Augusts’ Bull run (before Tuesday’s events) was due to comments made by Bank of England (BoE) Governor Carney that there will be interest rate hikes early next year. However economic data for the UK this month has disappointed; industrial production was lower than previous data at -0.4% MoM and 1.5% YoY compared to 0.3% and 1.9% expected. However, core inflation rate did rise to 1.2% from 0.8% YoY and unemployment claims fell by 4,900. This month’s BoE meeting saw 1 board member, out of 9, vote for a hike in interest rate, an early signs that the board may be moving toward a hawkish view on interest rates.

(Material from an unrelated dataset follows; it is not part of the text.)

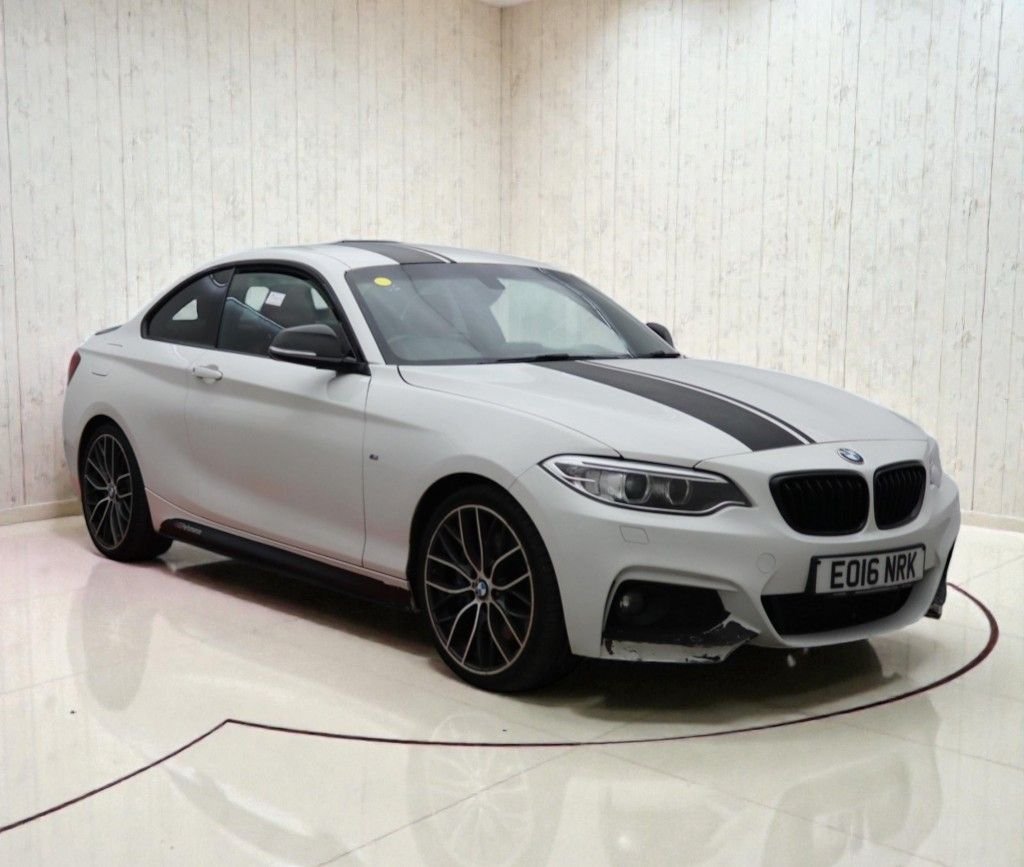 Used BMW 2 Series 2016 for sale - 78056653: Photo 1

Following Tuesday’s downfall, there has been a sharp correction in the stock markets which seems to have hurt GBP against USD. It is usual that in times of crisis the US Dollar is considered a safe haven currency. In fact the greenback has strengthened against all major currencies during the past three days off the back of stock market uncertainty.
Yesterday’s drop in GBP/USD was a considerable, a 228 pip decline, which is a price move not seen in this pair for many weeks. Volatility is on the rise; measuring volatility using 1-week GBP/USD at-the-money option prices the average volatility last week was 6.5% and today it is 8.33%. This means the market are expecting GBP/USD over the next week to fluctuate more i.e. trade in a larger range. This isn’t a surprise given the increase in stock market volatility.
Looking at upcoming economic events
Tomorrow at 08:30 GMT GDP growth rate will be released and the major news will be on September 10th at the next BoE meeting. The US has a string of data releases which started today; GDP growth rate and Personal Consumption Expenditure (PCE) were released. GDP came out 2.1% (0.1% higher than expected) and PCE 1.8%, as expected. Next week will be an important one in regards of US data; Tuesday there is manufacturing PMI (purchasing manager’s index), Wednesday we have ADP employment change and most importantly is Friday’s Non-Farm Payrolls expected to show 215,000 jobs added in August.
The GBP/USD bull trend may regain momentum if the stock market settles. Economic data from the US, especially Non-Farm Payrolls, will give more of clues as to how quick US interest rates will rise and this may affect the pair’s trading direction. If there are signs that the US rate hike will be delayed then USD may weaken and GBP/USD will set on an uptrend.
Looking at the day chart we can see that price has pierced a long support line (black line) that runs back to the beginning of May. It has also broken through the bottom side of the Ichimoku cloud (Vertical blue lined area), if the Lagging line (yellow line) will break below the cloud too and the Fast line (red line) to go below the slow line (blue line), then we would have the completion of a very strong Bear signal.
The following examples are option trades set-up via an online trading platform.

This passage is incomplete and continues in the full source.